The Nuclear Regulatory Commission will not exempt from environmental review Holtec International’s plan to restart the Palisades Nuclear Generating Station in Michigan, the agency said last week.
Holtec wants to restart the plant, which closed two years ago, in August 2025 and had asked NRC for what is known as a categorical exemption from environmental review.
But agency staff, some of whom have previously been skeptical about letting the plant wind back up without some sort of environmental review, have decided instead to conduct an environmental assessment of Holtec’s plan.
“[T]he NRC does not yet know the significance of potential impacts from the proposed actions” at Palisades, the agency wrote in a Federal Register notice dated June 27.
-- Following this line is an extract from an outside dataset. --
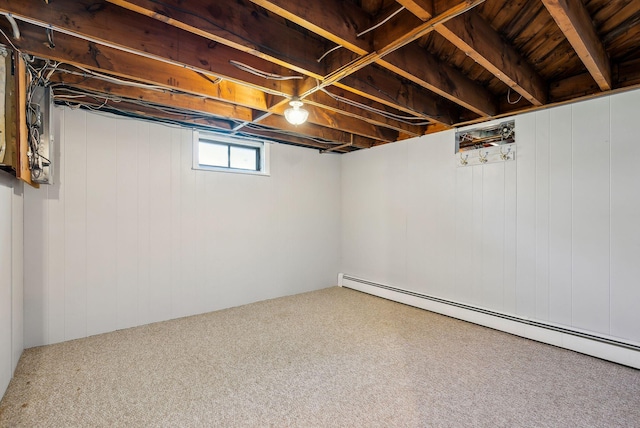below grade area with carpet floors, a baseboard heating unit, and wooden walls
For that reason, and others, the commission plans to hold a public meeting in Benton Harbor, Mich., on July 11 to discuss the pending review. That meeting will be webcast, according to the notice.
Holtec in March got a 1.5-billion loan from the Department of Energy to restart Palisades, which the Jupiter, Fla., company bought from Entergy to decommission.
If NRC grants the various, and in one case unprecedented, regulatory actions Holtec seeks, Palisades could become the first commercial U.S. power plant to transition back to generation after entering decommissioning.
Editor’s note, July 2, 2024, 8:50 a.m. Eastern time: the story was corrected to show when the NRC published its Federal Register notice.